Dans les années 1960, deux revues vont engager la réflexion et des analyses sur l’autogestion, la revue Noir et Rouge directement issue du mouvement libertaire et la revue Autogestion à l‘empan idéologique plus large. Dans le même temps deux organisations s’emparèrent de la question le PSU et la CFTC bientôt transformée en 1964 en CFDT.
Autour des événements de Mai 1968, toute la « gauche » devise sur l’autogestion y compris les étudiants les plus radicaux. Notons toutefois que dans quasiment aucune usine occupée, les ouvriers décideront de remettre en route la production. Seules quelques universités adopteront celle-ci dans le cadre de leur gestion autonome et de contestation.

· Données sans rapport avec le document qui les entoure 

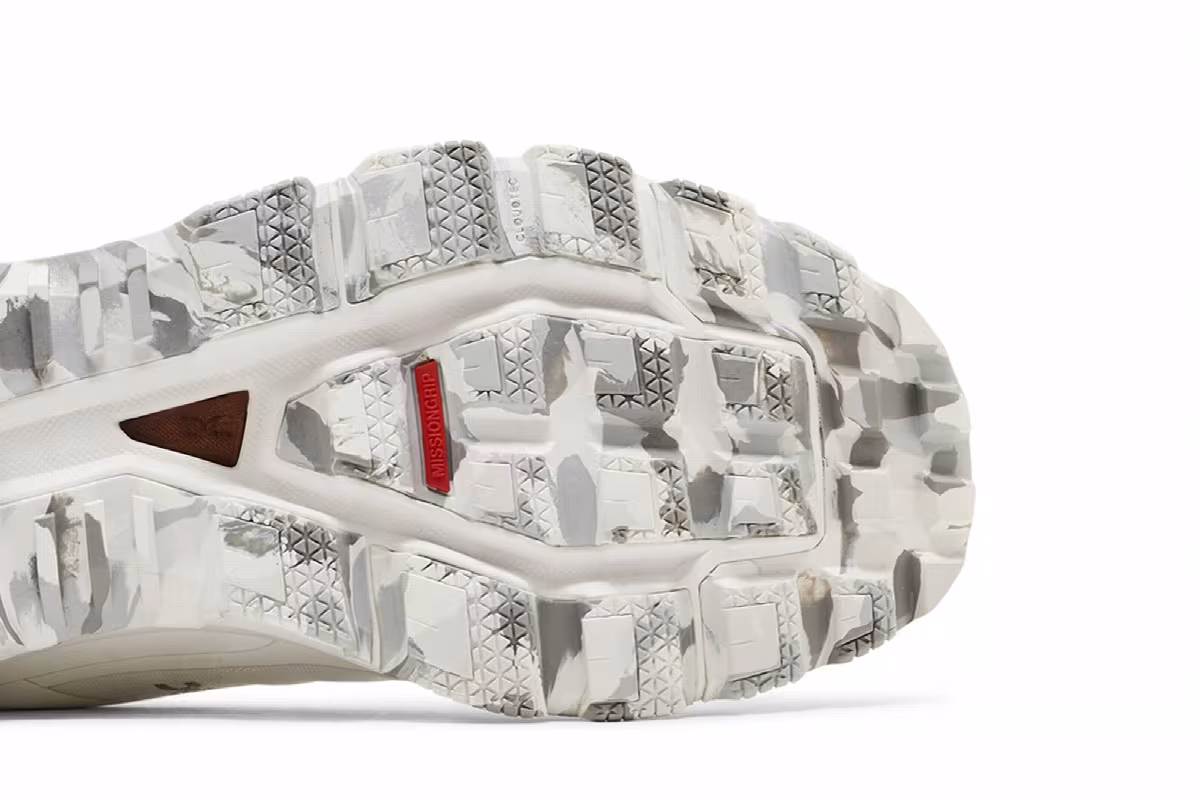 Loewe x ON Women's Cloudventure White, view 6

Certains étudiants, parmi les plus radicaux, déclaraient tout de go « pour nous l’établissement d’une société sans classe passe d’abord par l’autogestion » (p. 319), moyen unique de « détruire le pouvoir sans le prendre » » (p. 326). En 1970 de son côté la CFDT lors de son congrès confédéral adopte non sans une longue réflexion et de nombreux débats le principe de « l’autogestion de l’entreprise et [de l’] autogestion sociale » (p. 344). Dans la foulée, le PS aussi s’emparera aussi du terme sans d’ailleurs le mettre à l’épreuve dans son propre fonctionnement. Enfin le PC dans les années 1975-1980 finira par accepter son principe… en bref une autogestion à toutes les sauces et de toutes nuances mais presque toujours pensée par le haut et fonctionnant conjointement avec le pouvoir d’État et le « parti ». Malgré ses interprétations multiples, il est évidant que l’autogestion fut un attracteur puissant et un mythe mobilisateur essentiel des années 1950 à 1980 s’inspirant peu ou prou du « modèle » yougoslave. Après, tous ou presque, l’abandonnèrent et revinrent à de plus classiques schémas autoritaires.
L’ouvrage de Frank Georgi nous livre les milles facettes et de longs développements sur l’autogestion et nous permet de mieux cerner ses potentiels et ses contradictions au travers de sources riches et variées. Donc à lire absolument pour tous ceux/celles qui s’intéressent à l’attrait et aux pratiques de l’autogestion tant du point de vue de son histoire et que de celui de son actualité.
Reste la force de l’idée d’autogestion qu’il convient de se réapproprier et à mon sens de toujours développer à condition toutefois, de veiller comme en Espagne entre 1936-1939 lors des collectivisations, qu’elle soit auto-portée par les « travailleurs eux-mêmes » et sans compromis. En bref, de faire en sorte qu’elle soit sociale et libertaire afin qu’elle demeure un horizon, un autre futur ou comme le propose la dernière ligne de l’ouvrage une « terre d’expérience » (p. 473) voire d’espérance.